I like to offer in illustration that we could take ten random people off the street and have them experience a person for a day, and then interview these ten people and we would get a breakdown of opinion that would roughly have three of them really liking the person, three of them not particularly liking the person and the other four pretty much indifferent.  Consider this when the next person out of ten is giving you a hard time and your whole sense of balance is being thrown by that person.

As for circumstances, it is important to pay attention to how everything can be going along just fine and then something “goes wrong” – and we become completely taken over by what we are judging to have gone wrong.  There are several lessons to be learned here.  The first is that we pay very little attention to what is going right – just like we give very little mental energy to the people who like us or have very little opinion of us.  That’s because these circumstances and people are not feeding into the insecurities of our ego.

A sad truth is that most people have really very insecure egos.  It’s kind of the state of affairs in our society.  It isn’t our fault and it doesn’t make us bad.  We are all shaped and conditioned by those psychological, social and cultural factors I mentioned earlier, and in our society, it is quite rare for a person to be raised in a manner that results in them being calmly confident and relatively free of depending on circumstances for their sense of well-being.  So, circumstances and other people’s behavior and opinions play a very great role in a person’s confidence and well-being, and in this matter, we tend to be a bit paranoid, that is, looking for the circumstances and people that shake our happiness and confidence.  And of course, we will find them, for life is everything and all kinds of people and all kinds of circumstances.  If we allowed all the things that go right and all the nice people who treat us quite well to register with the same importance we give to the problematic situations and people, we would not tend to get shaken so readily.

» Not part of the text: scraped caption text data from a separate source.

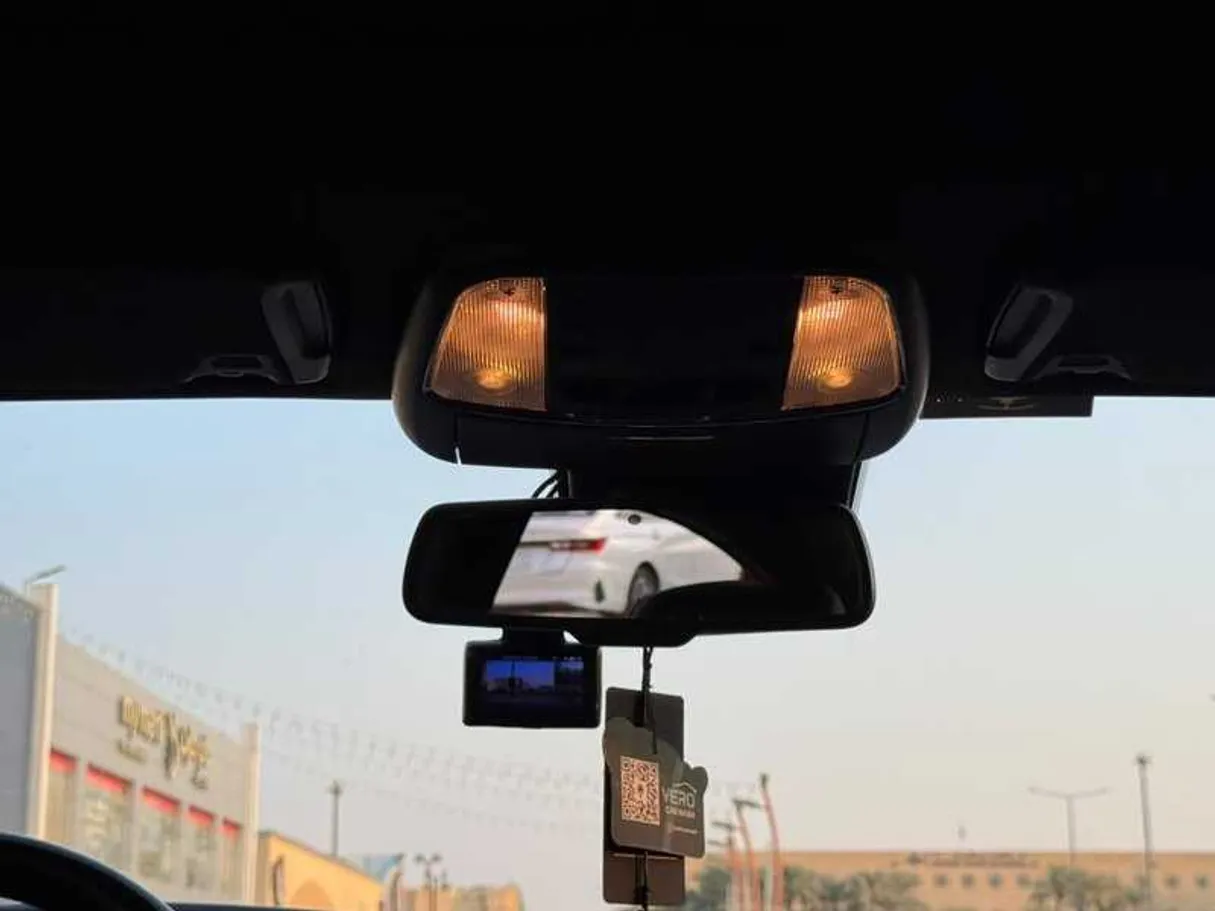 Car image 27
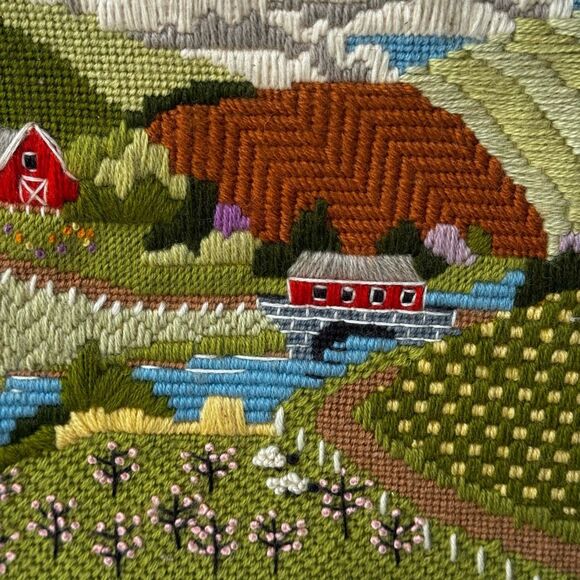 Vintage 70’s Framed Needlepoint Crewel Cottage Core Farmhouse Landscape Scene - Picture 6 of 6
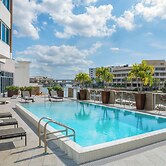 Aloft Tampa Downtown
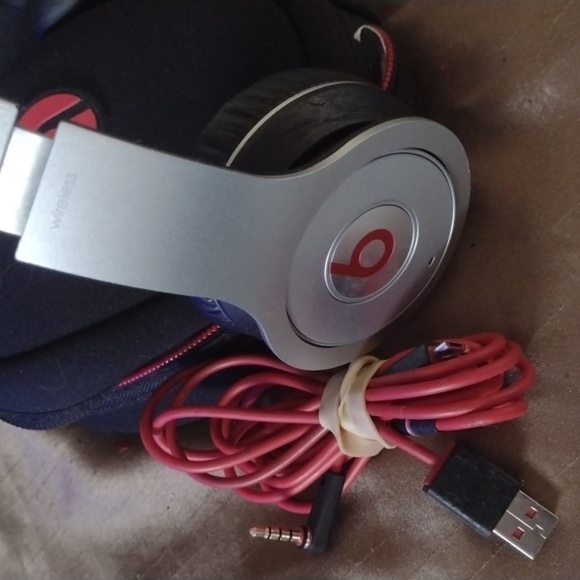 Beats Rare Pro Silver Black and Red Headphones NWOT - Picture 2 of 3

The second factor is this issue of what’s good and what’s bad for us.  There is a truth in psychological and spiritual teachings that difficult situations and people are really beneficial to us, for they give us the opportunity to see where our conditioning needs some attending, where our skill-set with life could use some development and improvement.  All of us can relate that there are times in our life that have been difficult and we would have absolutely preferred not to have gone through them, yet we can also look back and realize that often these times were ones when we learned a great deal about ourselves and about life.  They were times when, although difficult, we perhaps achieved some real growth, became more skillful, more discerning and more compassionate.  They were times when perhaps we became more discerning at the difference between compassion and codependence, perhaps more confident in our ability to handle the travails and setbacks of life, and learned better what to value and what not to, and which people to trust and which not to trust.  We may even have learned how to not trust someone compassionately, that is, to realize it is only their conditioning that has them behaving in this untrustworthy manner, so there is no need to dislike or hate them, that it is simply not wise to take them into our zone of trust, and certainly not wise to take their opinions and behavior personally.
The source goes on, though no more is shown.